++++ PROVIDED MATERIAL

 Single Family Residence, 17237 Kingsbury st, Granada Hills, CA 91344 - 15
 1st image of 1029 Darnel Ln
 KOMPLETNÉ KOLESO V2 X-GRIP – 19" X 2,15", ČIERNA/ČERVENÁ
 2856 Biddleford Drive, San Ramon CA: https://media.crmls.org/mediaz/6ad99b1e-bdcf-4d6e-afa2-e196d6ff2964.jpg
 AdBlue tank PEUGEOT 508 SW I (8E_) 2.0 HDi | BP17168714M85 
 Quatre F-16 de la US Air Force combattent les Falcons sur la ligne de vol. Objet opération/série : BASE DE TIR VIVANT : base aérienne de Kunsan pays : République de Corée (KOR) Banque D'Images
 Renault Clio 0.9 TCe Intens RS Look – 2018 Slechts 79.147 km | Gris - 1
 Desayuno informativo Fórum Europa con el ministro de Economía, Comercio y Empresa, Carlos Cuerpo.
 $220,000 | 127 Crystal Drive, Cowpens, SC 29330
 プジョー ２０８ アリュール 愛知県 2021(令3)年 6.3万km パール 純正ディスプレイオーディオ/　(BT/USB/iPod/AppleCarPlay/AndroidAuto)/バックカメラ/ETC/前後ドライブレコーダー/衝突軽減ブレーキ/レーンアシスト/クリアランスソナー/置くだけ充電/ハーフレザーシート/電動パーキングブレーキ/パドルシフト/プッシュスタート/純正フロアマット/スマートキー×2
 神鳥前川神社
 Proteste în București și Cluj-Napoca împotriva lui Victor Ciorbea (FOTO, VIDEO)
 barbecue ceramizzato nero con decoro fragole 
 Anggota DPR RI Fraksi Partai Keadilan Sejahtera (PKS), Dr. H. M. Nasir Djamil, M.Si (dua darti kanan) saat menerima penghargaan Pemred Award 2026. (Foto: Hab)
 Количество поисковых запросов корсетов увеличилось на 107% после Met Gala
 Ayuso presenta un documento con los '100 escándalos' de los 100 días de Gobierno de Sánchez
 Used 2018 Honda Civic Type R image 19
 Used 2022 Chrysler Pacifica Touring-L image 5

++++++++

## INSTRUCTIONS FOR THE TASK
Each line from the top of the data, up to and including the line that contains "Quatre F-16 de", should be set down exactly.

## ANSWER BELOW
 Single Family Residence, 17237 Kingsbury st, Granada Hills, CA 91344 - 15
 1st image of 1029 Darnel Ln
 KOMPLETNÉ KOLESO V2 X-GRIP – 19" X 2,15", ČIERNA/ČERVENÁ
 2856 Biddleford Drive, San Ramon CA: https://media.crmls.org/mediaz/6ad99b1e-bdcf-4d6e-afa2-e196d6ff2964.jpg
 AdBlue tank PEUGEOT 508 SW I (8E_) 2.0 HDi | BP17168714M85 
 Quatre F-16 de la US Air Force combattent les Falcons sur la ligne de vol. Objet opération/série : BASE DE TIR VIVANT : base aérienne de Kunsan pays : République de Corée (KOR) Banque D'Images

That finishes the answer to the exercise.